Benjamin M. Sutcliffe, University of Pittsburgh
Sergei Dovlatov's Nevidimaja kniga and Zona use inconsistency, humor, irony, and descriptions of writing to protect the text from the threatening environment of Brezhnev's USSR. What results is textual autonomy, directed by the narrator's ability to represent the world beyond the text without the text being overly compromised. Zona deals with the experiences of a prison camp guard, while Nevidimaja kniga describes Dovlatov's frustrations as an author. Both rely on their narrators maintaining control over material represented within the text.
Authorial control operates through inconsistent reproduction of "factual" letters Dovlatov allegedly received during efforts to publish his early writing. The only logic uniting these inconsistencies is the narrator's attempt to maintain control over material appearing in the povest'. Humor also asserts authorial control: lamentable events become less formidable when seen through Dovlatov's comic lens. Mixail Baxtin's Epic and Novel and Rabelais and His World outline connections between humor and genre that apply to Zona and Nevidimaja kniga.

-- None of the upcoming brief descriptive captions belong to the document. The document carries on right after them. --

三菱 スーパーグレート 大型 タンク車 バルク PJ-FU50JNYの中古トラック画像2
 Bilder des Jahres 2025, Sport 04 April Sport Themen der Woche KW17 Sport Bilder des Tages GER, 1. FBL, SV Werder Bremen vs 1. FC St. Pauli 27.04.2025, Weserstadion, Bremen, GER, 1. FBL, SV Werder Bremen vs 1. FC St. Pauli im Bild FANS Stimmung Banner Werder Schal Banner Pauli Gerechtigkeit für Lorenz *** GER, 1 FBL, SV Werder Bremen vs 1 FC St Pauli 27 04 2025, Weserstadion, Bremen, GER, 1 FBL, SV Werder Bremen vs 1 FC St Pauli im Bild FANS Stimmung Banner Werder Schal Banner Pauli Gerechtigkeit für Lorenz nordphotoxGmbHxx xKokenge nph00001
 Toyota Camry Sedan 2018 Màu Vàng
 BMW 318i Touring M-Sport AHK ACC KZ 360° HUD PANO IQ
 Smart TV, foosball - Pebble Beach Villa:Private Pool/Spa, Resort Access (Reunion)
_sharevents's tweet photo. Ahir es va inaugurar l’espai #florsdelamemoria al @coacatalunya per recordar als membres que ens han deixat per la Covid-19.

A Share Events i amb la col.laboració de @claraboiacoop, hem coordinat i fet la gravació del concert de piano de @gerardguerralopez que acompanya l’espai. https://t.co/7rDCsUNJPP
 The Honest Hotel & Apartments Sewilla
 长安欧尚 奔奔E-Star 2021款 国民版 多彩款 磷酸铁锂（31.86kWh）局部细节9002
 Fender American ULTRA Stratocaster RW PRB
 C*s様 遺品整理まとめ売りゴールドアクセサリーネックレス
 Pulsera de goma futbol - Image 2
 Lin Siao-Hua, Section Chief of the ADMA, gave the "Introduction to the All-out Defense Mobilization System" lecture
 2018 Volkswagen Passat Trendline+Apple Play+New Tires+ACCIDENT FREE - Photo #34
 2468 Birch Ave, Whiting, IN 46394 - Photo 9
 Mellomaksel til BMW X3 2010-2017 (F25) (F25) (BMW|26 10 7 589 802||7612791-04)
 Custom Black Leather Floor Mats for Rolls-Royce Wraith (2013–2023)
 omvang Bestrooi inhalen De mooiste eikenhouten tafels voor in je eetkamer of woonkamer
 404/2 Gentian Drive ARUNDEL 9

Stagnation-era irony is also significant: both texts use irony as an organizing principle asserting narrative control over byt's otherwise unbearable trials. What is frightening in the world beyond the text becomes humorous when represented by Dovlatov. Anatolij Vishevskij's Politics of Irony is useful in analyzing Dovlatov's writing: irony implies a liberating distance between the narrative and the events narrative describes.
Dovlatov's representation of writing also highlights the author as organizer of the text, as well as containing elements of inconsistency, humor, and irony. All of these representational strategies fulfill a structural function, giving Zona and Nevidimaja kniga a fluid yet concrete presence distinct from that of the surrounding world.